Advanced Transfer Cache
The next thing that (most of) the data has to pass is Pentium 4's on-die L2-cache. Intel calls it 'Advanced Transfer Cache' since the days of Pentium III 'Coppermine' . With 256 kB its size is identical to the L2-cache of Pentium III and both are 8-way associative as well. This is however where the similarities end. Pentium 4's L2-cache is using 128-Byte cache lines, which are divided in two 64-Byte pieces. When it fetches data from the system (main memory, AGP, PCI, ...) it reads at least 64 Bytes in one go, which ensures great performace for burst transfers, especially when talking to RDRAM, but is rather bad if only one Byte out of that 64 is actually required. The same is obviously valid for write operations in case the cache line has become 'dirty', meaning that the cache data has been altered and therefore needs to be written back to the system (memory, AGP, PCI, ...). The read latency of Pentium 4's L2-cache is 7 clocks, its connection to the core is 256 bit wide and obviously clocked at core clock. After doing the math we get to an impressive data bandwidth between L2-cache and core of 44.8 GB/s for Pentium 4 @ 1.4 GHz and 48 GB/s for Pentium 4 at 1.5 GHz.
Pentium 4's L1 Cache
After the discussion of the L2 cache it wouldn't be more than logical to move over to the L1 cache. This is what we will do, but not without a special remark. While Pentium III is equipped with a 16 kB L1 cache for instructions and a 16 kB L1 cache for data, there is only an 8 kB small data L1 cache in Pentium 4, while a pretty nifty feature called 'Execution Trace Cache', which I'll discuss in the next paragraph, replaces the L1 instruction cache of Pentium III.

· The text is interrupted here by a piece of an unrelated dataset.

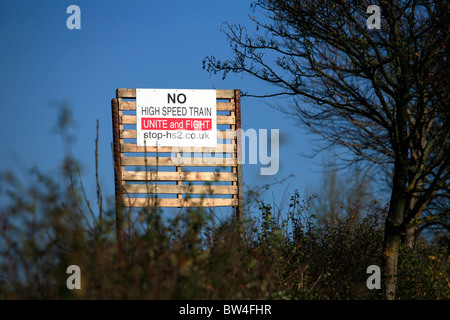 Nein, HS2 High Speed Train Line Protest Zeichen auf einer Straße, wo die Ziellinie überquert werden; Fosse Way, Warwickshire Stockfoto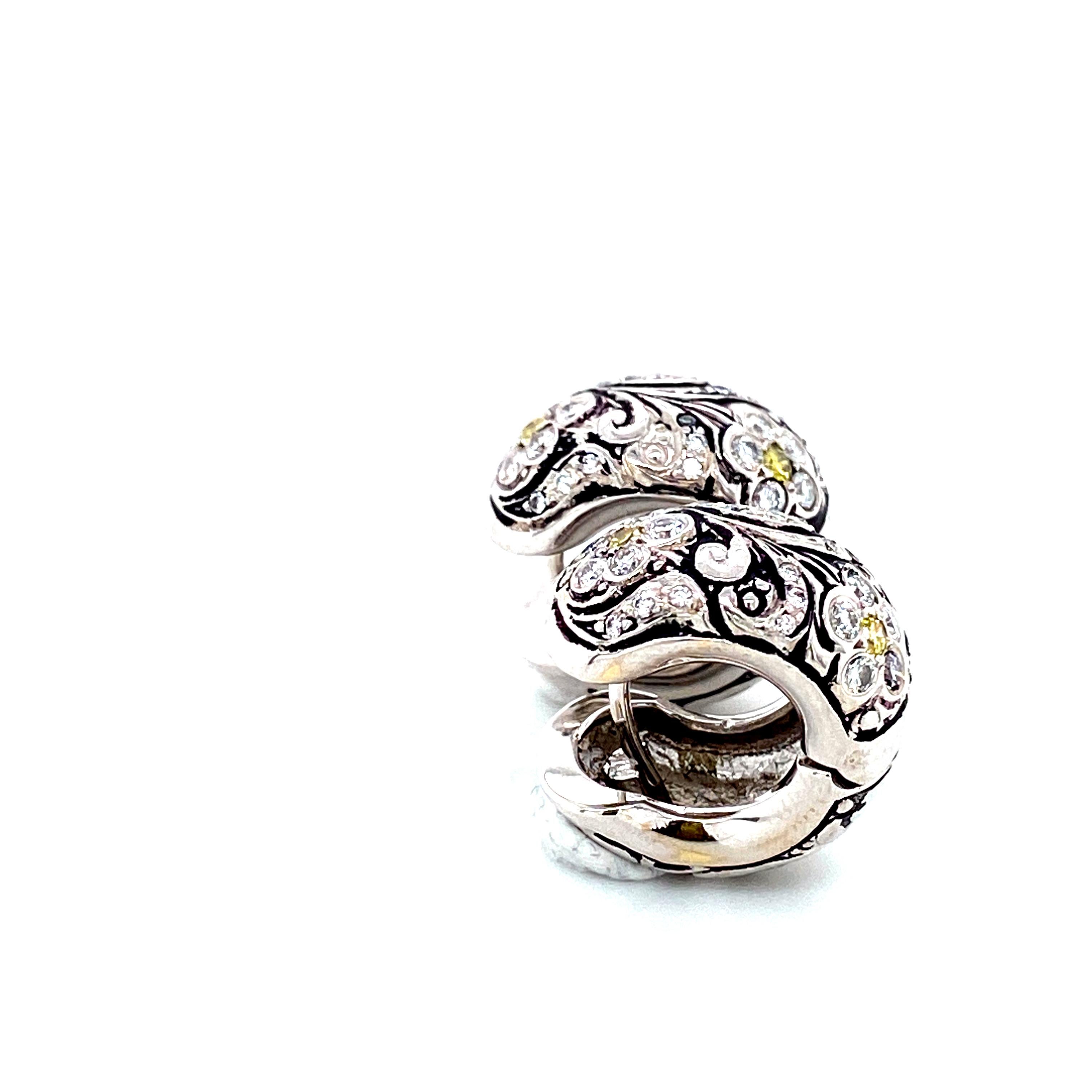 Contemporaneo Orecchini con diamanti gialli e diamanti bianchi in vendita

Intel was probably forced to reduce the size of the L1 data cache down to only 8 kB, which is half the size of Pentium III's L1 data cache and only an eighth (!!!) of Athlon's, to enable its extremely low latency of only 2 clock cycles. It results in an overall read latency of less than half of Pentium III's L1 data cache already in the Pentium 4 at 1.4 GHz, but the small size of Pentium 4's L1 data cache may be one reason for the performance flaws we will see when we get to the benchmark results.
The L1 data cache of Pentium 4 is 4-way set associative and uses 64-Byte cache-lines. The dual-port architecture allows one load and one store operation per clock.

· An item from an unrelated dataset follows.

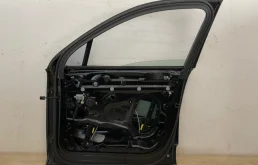 Двери для Audi Q7 2018 года на фотографиях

Intel has added another nifty feature that I want to bring to your attention in the L1/L2 cache context. If you think of the Pentium III launch in February 1999, you might remember Intel's introduction of the 'streaming' SIMD Extensions. The 'streaming' bit of 'SSE' is actually represented by the prefetch-instructions of Pentium III, which enable software to load data into the caches before it is requested by the processor core.
Those instructions still exist in Pentium 4's instruction set, but with the new hardware prefetch feature of Pentium 4 a lot of this is done automatically. This new unit is able to recognize data access patterns of the software executed by Pentium 4, so that it 'guesses' which data will be needed next and 'pre-fetches' it into the cache.
The procedure might sound familiar to you from the complex hard drive cache algorithms and you might also be aware how much this can speed up hard disk accesses under certain circumstances. Pentium 4's hardware prefetch is probably able to significantly accelerate the execution of software that is using a lot of large data arrays.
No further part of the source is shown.